Arınç, CNN Türk Televizyonu'nda yayımlanan "Ankara Günlüğü" programına katıldı. Dershane konusuna değinen Arınç, şunları söyledi:
"(Bu dershane işinden vazgeçin) diyemez bize kimse. Bu bir siyasi karar. Bazen doğru olur bazen yanlış olur. Yanlış olursak bunun sonucunu yine siyaseten görürüz. Ama doğru olursa gençlerimiz kazanır. Bunun karşılığı 'ben de seni yıkarım, ben de seni dinamitlerim, benim de elimde kasetler var, ben bunları piyasaya sürersem' dediğiniz zaman kimse onlar, o zaman bunlar dershaneler üzerinden cemaate mensubiyetlerini iddia ettikleri kişiler. Başbakanın bizzat kendisine, 'elimizde bunlar var. Biz bunları piyasaya süreriz, hükümetiniz bunlarla karşı karşıya kalır, bu işten vazgeçin...' Yiğit adam bizim Başbakanımız. Bunların altında kalacak adam değil. 'Elinizden geleni ardınıza koymayın, Bu işi yapacağız. Siz de ne yapacaksanız yapın' dedi.

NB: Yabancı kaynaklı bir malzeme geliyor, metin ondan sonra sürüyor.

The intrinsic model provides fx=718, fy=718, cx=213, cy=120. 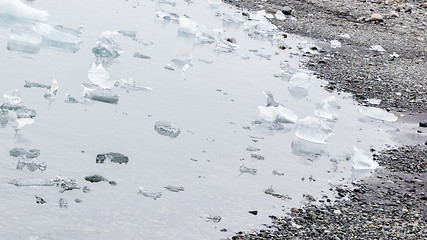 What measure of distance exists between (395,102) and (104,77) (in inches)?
185

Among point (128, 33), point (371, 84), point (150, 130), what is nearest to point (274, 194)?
point (150, 130)

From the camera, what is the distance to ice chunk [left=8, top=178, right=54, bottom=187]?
582 cm

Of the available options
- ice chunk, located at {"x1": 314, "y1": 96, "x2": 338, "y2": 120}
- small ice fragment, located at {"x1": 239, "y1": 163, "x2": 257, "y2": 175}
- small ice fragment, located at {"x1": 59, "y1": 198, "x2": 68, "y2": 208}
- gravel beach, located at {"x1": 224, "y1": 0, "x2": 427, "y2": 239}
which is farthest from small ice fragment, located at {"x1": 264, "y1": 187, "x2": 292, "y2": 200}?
ice chunk, located at {"x1": 314, "y1": 96, "x2": 338, "y2": 120}

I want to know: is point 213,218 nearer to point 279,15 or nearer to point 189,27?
point 189,27

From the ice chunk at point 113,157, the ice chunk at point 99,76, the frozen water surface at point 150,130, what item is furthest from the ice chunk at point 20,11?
the ice chunk at point 113,157

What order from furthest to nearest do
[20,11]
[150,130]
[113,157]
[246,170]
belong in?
[20,11]
[150,130]
[246,170]
[113,157]

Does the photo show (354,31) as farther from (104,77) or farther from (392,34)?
(104,77)

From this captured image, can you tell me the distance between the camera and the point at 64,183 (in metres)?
5.97

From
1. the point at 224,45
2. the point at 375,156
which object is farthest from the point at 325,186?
the point at 224,45

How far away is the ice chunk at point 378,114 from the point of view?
1011cm

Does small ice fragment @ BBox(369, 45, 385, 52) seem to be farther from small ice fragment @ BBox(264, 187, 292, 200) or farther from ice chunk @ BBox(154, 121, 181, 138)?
small ice fragment @ BBox(264, 187, 292, 200)

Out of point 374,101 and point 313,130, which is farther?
point 374,101

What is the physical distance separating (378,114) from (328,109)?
3.28 ft

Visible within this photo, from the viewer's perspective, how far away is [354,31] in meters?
15.9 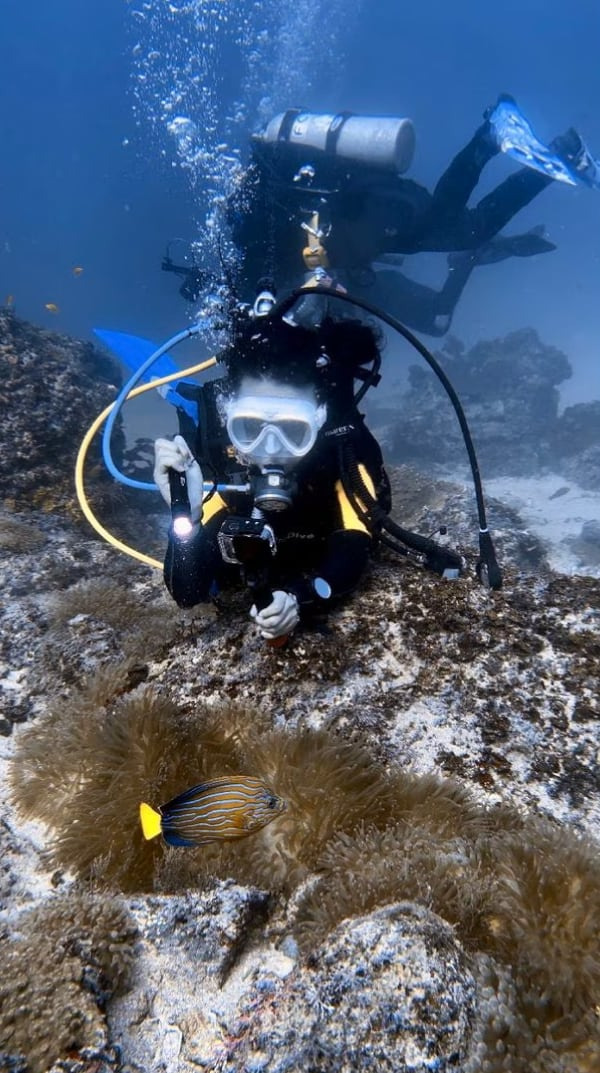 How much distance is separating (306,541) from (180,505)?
3.02ft

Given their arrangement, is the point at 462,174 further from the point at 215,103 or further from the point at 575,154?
the point at 215,103

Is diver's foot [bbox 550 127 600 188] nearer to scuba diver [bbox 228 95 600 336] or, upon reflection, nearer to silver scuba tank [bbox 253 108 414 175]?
scuba diver [bbox 228 95 600 336]

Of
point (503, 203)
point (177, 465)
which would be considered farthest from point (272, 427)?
point (503, 203)

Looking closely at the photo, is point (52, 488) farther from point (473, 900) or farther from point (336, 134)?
point (336, 134)

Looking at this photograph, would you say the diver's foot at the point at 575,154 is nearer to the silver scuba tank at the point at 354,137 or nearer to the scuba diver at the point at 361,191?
the scuba diver at the point at 361,191

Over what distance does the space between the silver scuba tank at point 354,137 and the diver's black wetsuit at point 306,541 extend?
648 cm

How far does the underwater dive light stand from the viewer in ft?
8.46

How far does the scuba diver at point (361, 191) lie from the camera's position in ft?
25.1

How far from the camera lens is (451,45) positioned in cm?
5162

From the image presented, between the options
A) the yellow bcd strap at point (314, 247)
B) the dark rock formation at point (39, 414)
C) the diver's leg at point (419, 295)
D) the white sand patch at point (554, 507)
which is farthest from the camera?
the diver's leg at point (419, 295)

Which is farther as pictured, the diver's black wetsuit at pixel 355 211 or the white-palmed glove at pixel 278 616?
the diver's black wetsuit at pixel 355 211

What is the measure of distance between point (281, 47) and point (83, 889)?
2518 inches

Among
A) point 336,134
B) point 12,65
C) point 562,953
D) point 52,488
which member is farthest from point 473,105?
point 562,953

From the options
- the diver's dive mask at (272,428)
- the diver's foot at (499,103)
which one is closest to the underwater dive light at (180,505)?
the diver's dive mask at (272,428) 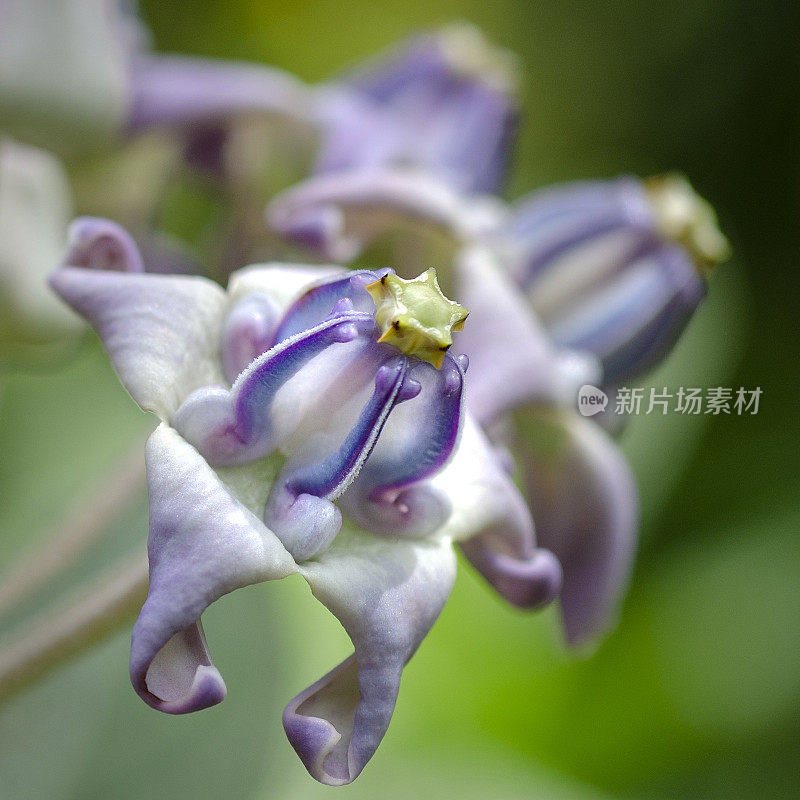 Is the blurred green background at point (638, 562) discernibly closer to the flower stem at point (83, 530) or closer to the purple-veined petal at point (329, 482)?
the flower stem at point (83, 530)

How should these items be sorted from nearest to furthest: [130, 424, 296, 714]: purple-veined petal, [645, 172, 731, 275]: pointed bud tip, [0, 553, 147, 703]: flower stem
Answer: [130, 424, 296, 714]: purple-veined petal < [0, 553, 147, 703]: flower stem < [645, 172, 731, 275]: pointed bud tip

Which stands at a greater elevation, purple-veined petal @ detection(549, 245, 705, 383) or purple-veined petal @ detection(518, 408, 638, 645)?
purple-veined petal @ detection(549, 245, 705, 383)

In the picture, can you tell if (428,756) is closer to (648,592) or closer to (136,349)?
(648,592)

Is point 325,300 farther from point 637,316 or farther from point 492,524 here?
point 637,316

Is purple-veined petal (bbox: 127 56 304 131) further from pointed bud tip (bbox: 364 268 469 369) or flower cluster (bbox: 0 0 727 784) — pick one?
pointed bud tip (bbox: 364 268 469 369)

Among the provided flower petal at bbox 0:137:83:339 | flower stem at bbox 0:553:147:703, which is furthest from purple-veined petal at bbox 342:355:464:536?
flower petal at bbox 0:137:83:339

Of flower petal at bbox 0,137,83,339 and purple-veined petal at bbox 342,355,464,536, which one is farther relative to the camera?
flower petal at bbox 0,137,83,339

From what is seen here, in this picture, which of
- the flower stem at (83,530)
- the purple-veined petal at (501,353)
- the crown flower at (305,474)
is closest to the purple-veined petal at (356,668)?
the crown flower at (305,474)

Sonra onlar devam ettiler her akşam televizyonlarında. 11 senedir gazetelerinde görmediğimiz başlıklar, muhalefetin ne kadar iri kıyım adamı varsa onun ağzından hükümete küfür etmekler, hakaret etmekler... Bunlar tutmadı, 17 Aralık'ta da bu kaset dolayısıyla bu bakan, bakan çocukları vesaireler. Bir baktık ki işin iki boyutu var. Bir soruşturma yapılacak, bir soruşturmadan sonra da insanlar gözaltına alınacak, ondan sonra tutuklanacak. Belki ondan sonra da iddianameyle davam açılacak belki. Bizim bildiğimiz yargı süreci bu ama bir yerdeki bir savcıyla bir yerdeki bir emniyet müdürü, bir yerdeki bir başka eleman, bir yerde bir başka bürokrat bir zincir oluşturmuşlar sadece kendileri biliyor ne yaptıklarını. Amiri bilmiyor, memuru bilmiyor ve hatta birilerini pasifize etmişler kendi görevlerinin üzerine almışlar."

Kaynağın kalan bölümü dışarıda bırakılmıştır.